**Data segment**.
● ● ● ● ●
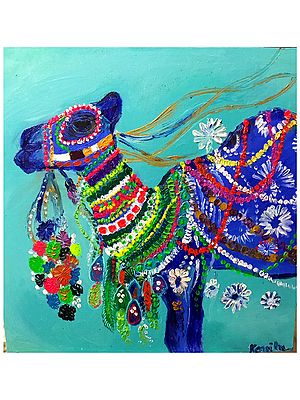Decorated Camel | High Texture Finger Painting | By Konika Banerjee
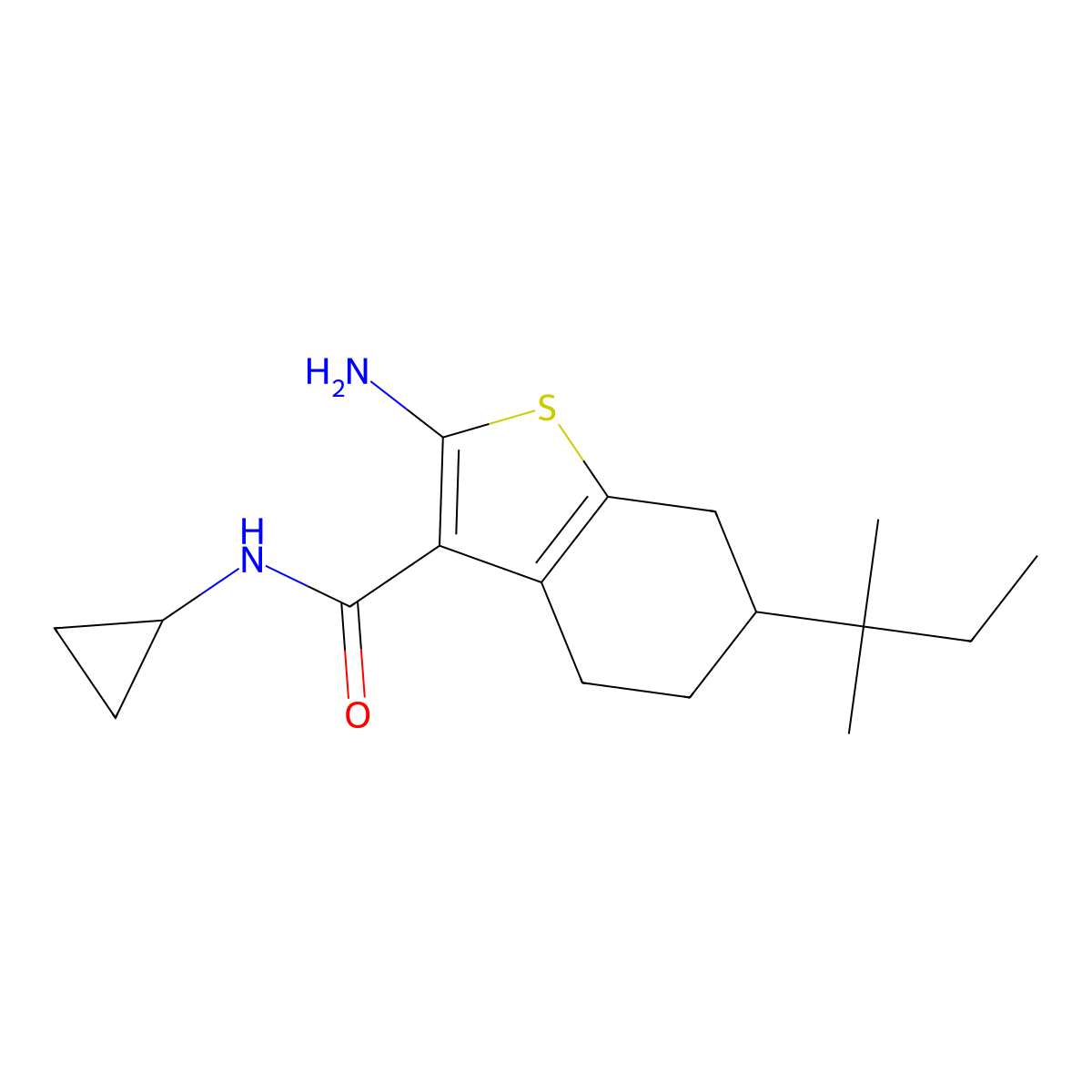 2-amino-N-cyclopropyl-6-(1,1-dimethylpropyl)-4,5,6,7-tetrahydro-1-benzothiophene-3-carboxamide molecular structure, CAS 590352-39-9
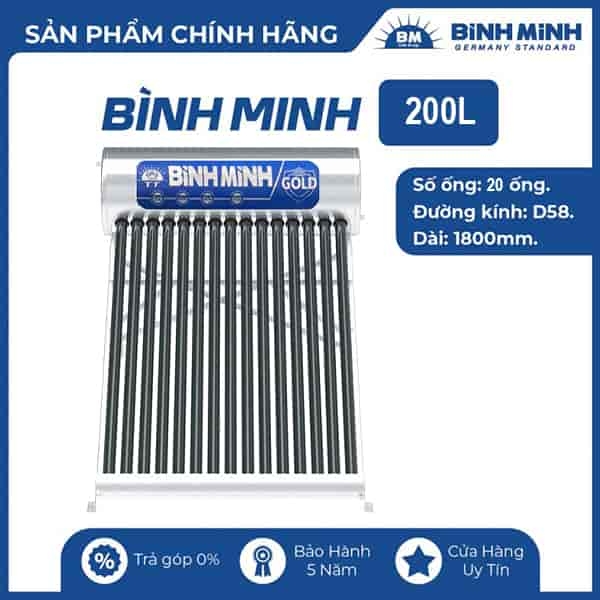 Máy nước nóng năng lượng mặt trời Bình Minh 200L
● ● ● ● ●
Write the material out again exactly. Skip each picture.

**Your solution**.
Decorated Camel | High Texture Finger Painting | By Konika Banerjee
 2-amino-N-cyclopropyl-6-(1,1-dimethylpropyl)-4,5,6,7-tetrahydro-1-benzothiophene-3-carboxamide molecular structure, CAS 590352-39-9
 Máy nước nóng năng lượng mặt trời Bình Minh 200L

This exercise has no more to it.